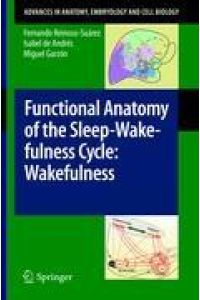Functional Anatomy of the Sleep-Wakefulness Cycle: Wakefulness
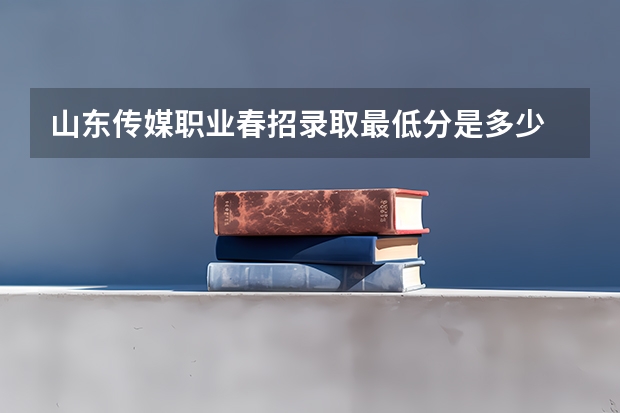 山东传媒职业春招录取最低分是多少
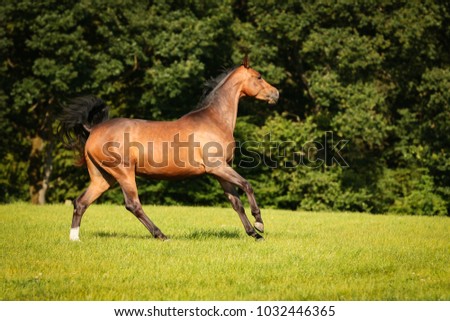 horse brown on the pasture in motion gangue gallop free running.
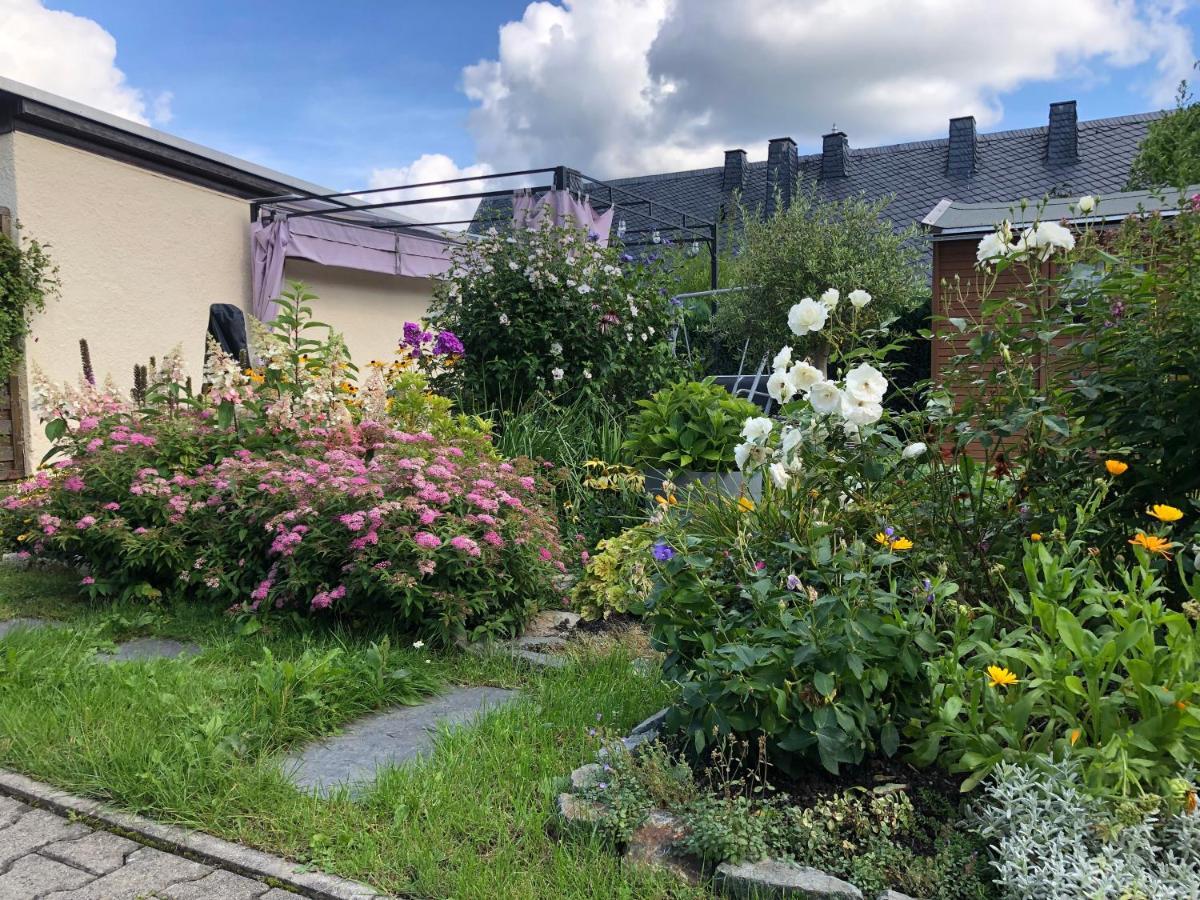 Am Duerrenbachtal Apartment Klingenthal Exterior foto
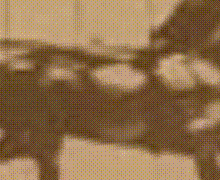 Matching horse detail from the measured source GIF.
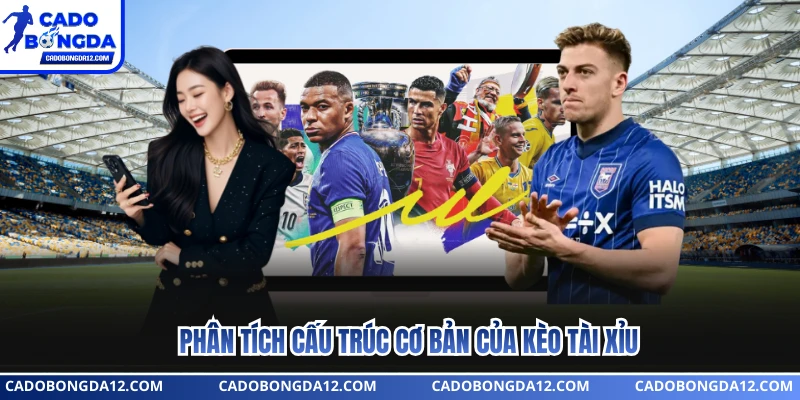 Phân tích cấu trúc cơ bản của kèo tài xỉu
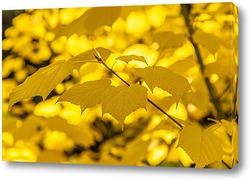   Постер Ветвь клёна с яркими, красочными, жёлтыми листьями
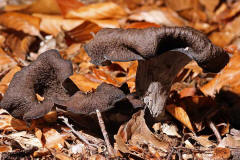 Craterellus cornucopioides / Totentrompete / Herbsttrompete / Cantharellaceae / Pfifferlingsverwandte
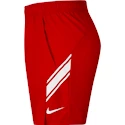 Pánské šortky Nike Dry Short Gym Red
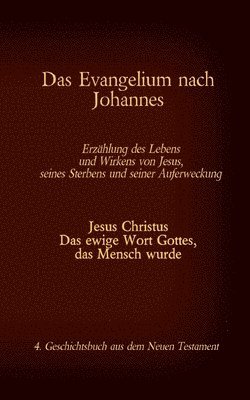 bokomslag Das Evangelium nach Johannes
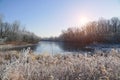 Lake, winter forest and dry grass in the frost Royalty Free Stock Photo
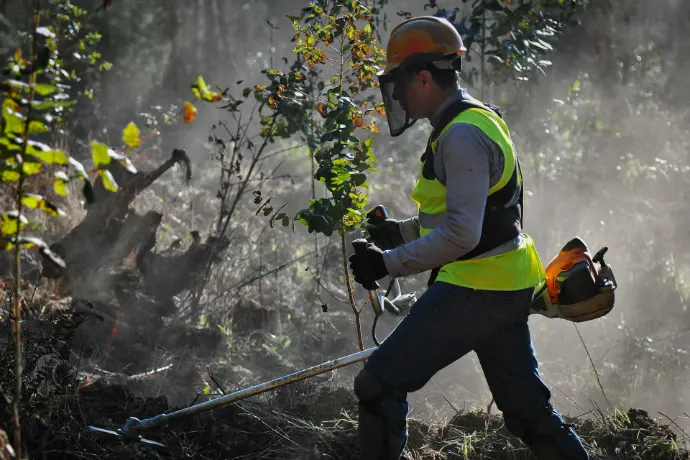 Bush safe technician clearing undergrowth for asset protection zone in Shoalhaven
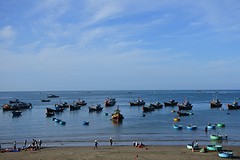 DSC_1704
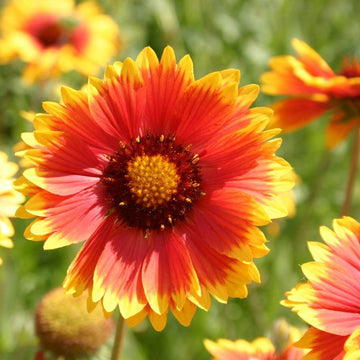 Aristata Seeds – Wildflower Mix, Heirloom
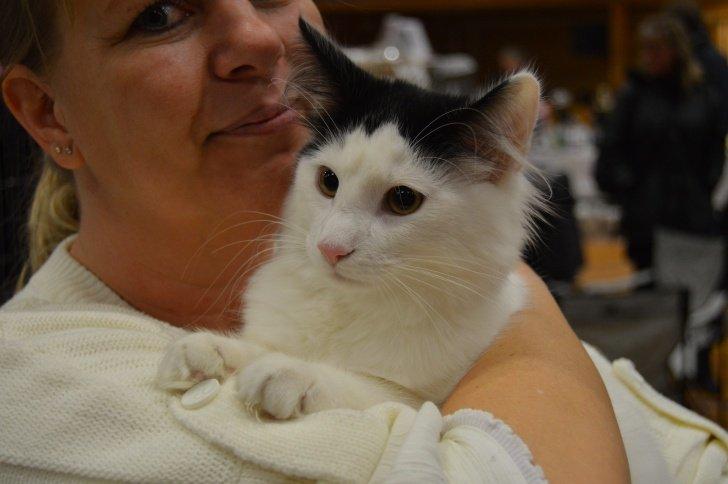 Norsk Skovkat DK Lindvig's Fellini billede 12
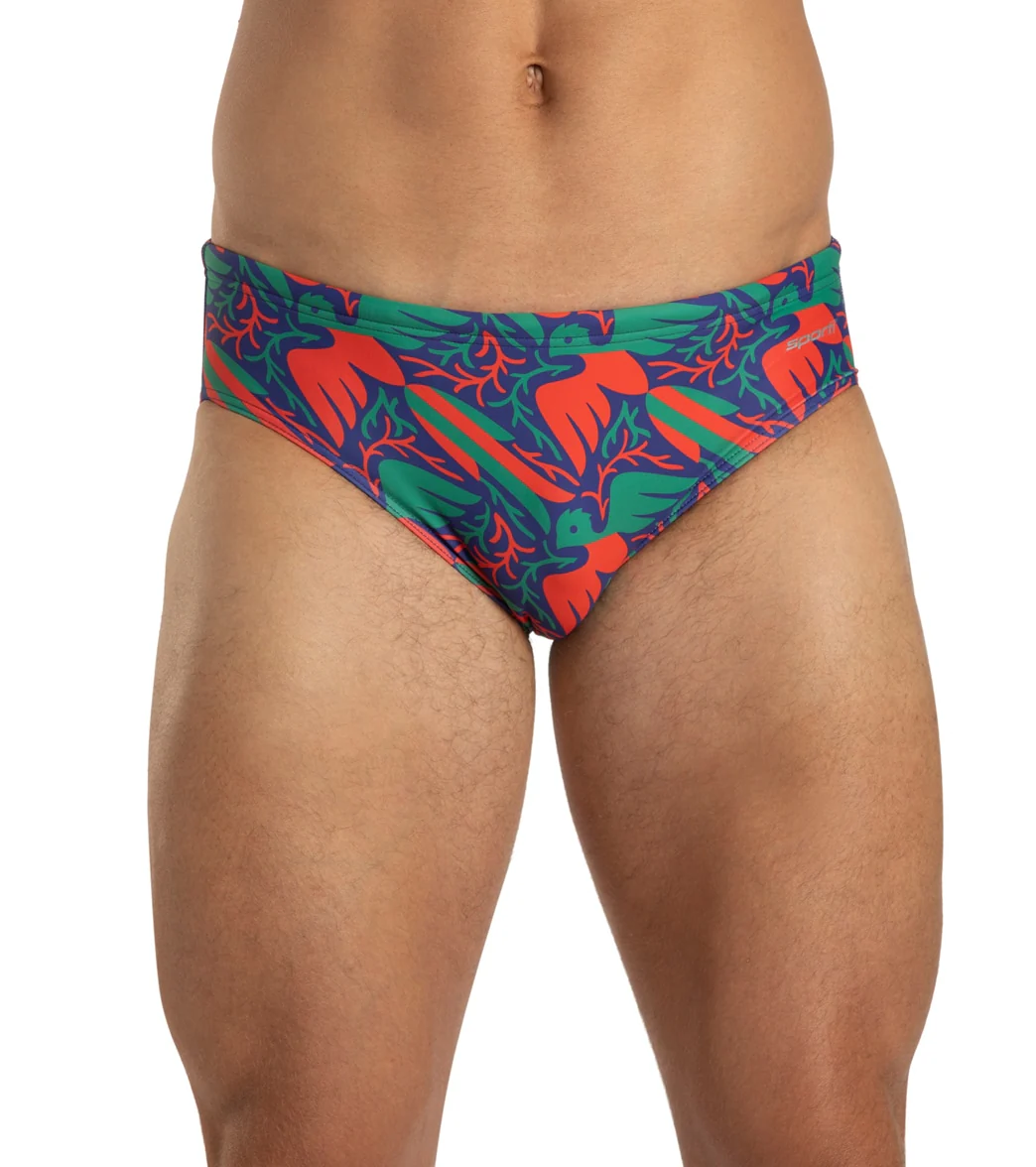 Sporti x Damian Orellana Limited Edition Chichi Brief Swimsuit - Image 6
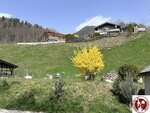 IMG_1769 (Copy)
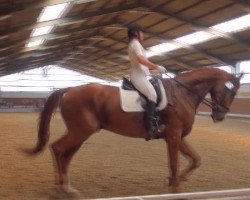 stallion Caro (New Forest Pony, 1984, from Axceen Camillo)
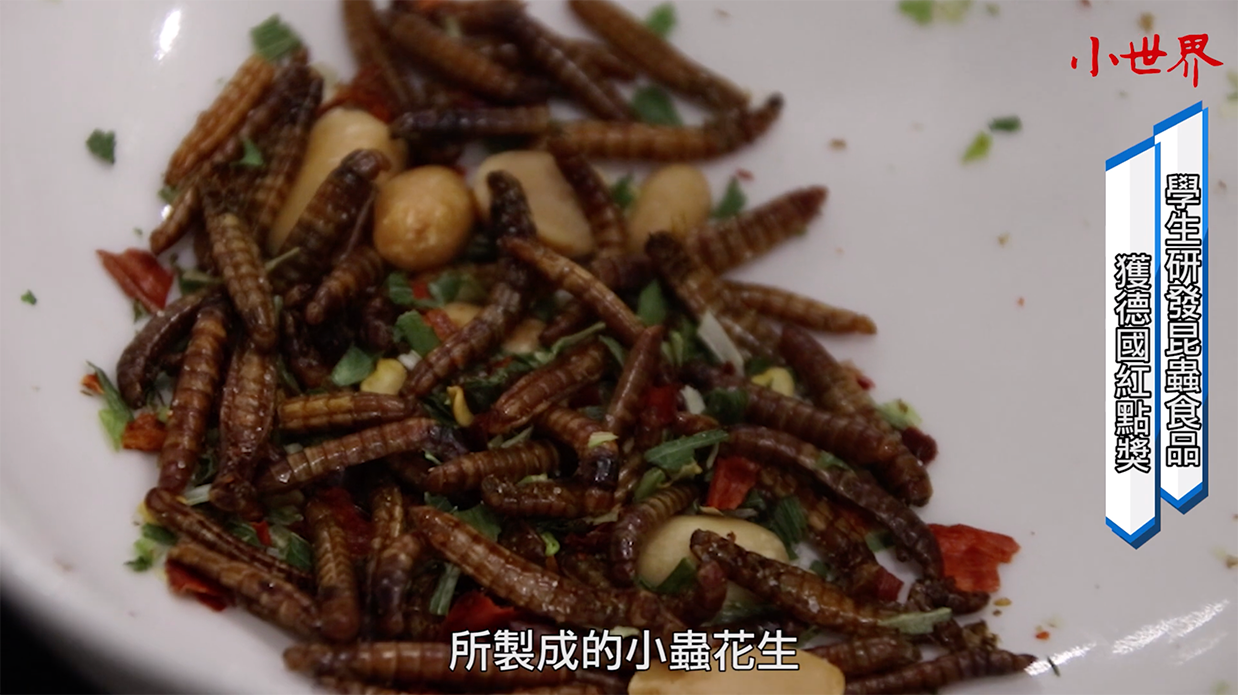 締造飲食永續 昆蟲入菜做料理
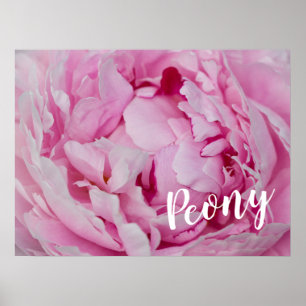 Affiche Rose de fleurs de pivoine pour fleurs et amoureux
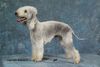 Bedlington-Terrier Hund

--------------------------------------------------

> TASK DIRECTIONS
Reproduce all the records verbatim, excluding images.

> TASK OUTPUT
Functional Anatomy of the Sleep-Wakefulness Cycle: Wakefulness
 山东传媒职业春招录取最低分是多少
 horse brown on the pasture in motion gangue gallop free running.
 Am Duerrenbachtal Apartment Klingenthal Exterior foto
 Matching horse detail from the measured source GIF.
 Phân tích cấu trúc cơ bản của kèo tài xỉu
   Постер Ветвь клёна с яркими, красочными, жёлтыми листьями
 Craterellus cornucopioides / Totentrompete / Herbsttrompete / Cantharellaceae / Pfifferlingsverwandte
 Pánské šortky Nike Dry Short Gym Red
 bokomslag Das Evangelium nach Johannes
 Lake, winter forest and dry grass in the frost Royalty Free Stock Photo
 Bush safe technician clearing undergrowth for asset protection zone in Shoalhaven
 DSC_1704
 Aristata Seeds – Wildflower Mix, Heirloom
 Norsk Skovkat DK Lindvig's Fellini billede 12
 Sporti x Damian Orellana Limited Edition Chichi Brief Swimsuit - Image 6
 IMG_1769 (Copy)
 stallion Caro (New Forest Pony, 1984, from Axceen Camillo)
 締造飲食永續 昆蟲入菜做料理
 Affiche Rose de fleurs de pivoine pour fleurs et amoureux
 Bedlington-Terrier Hund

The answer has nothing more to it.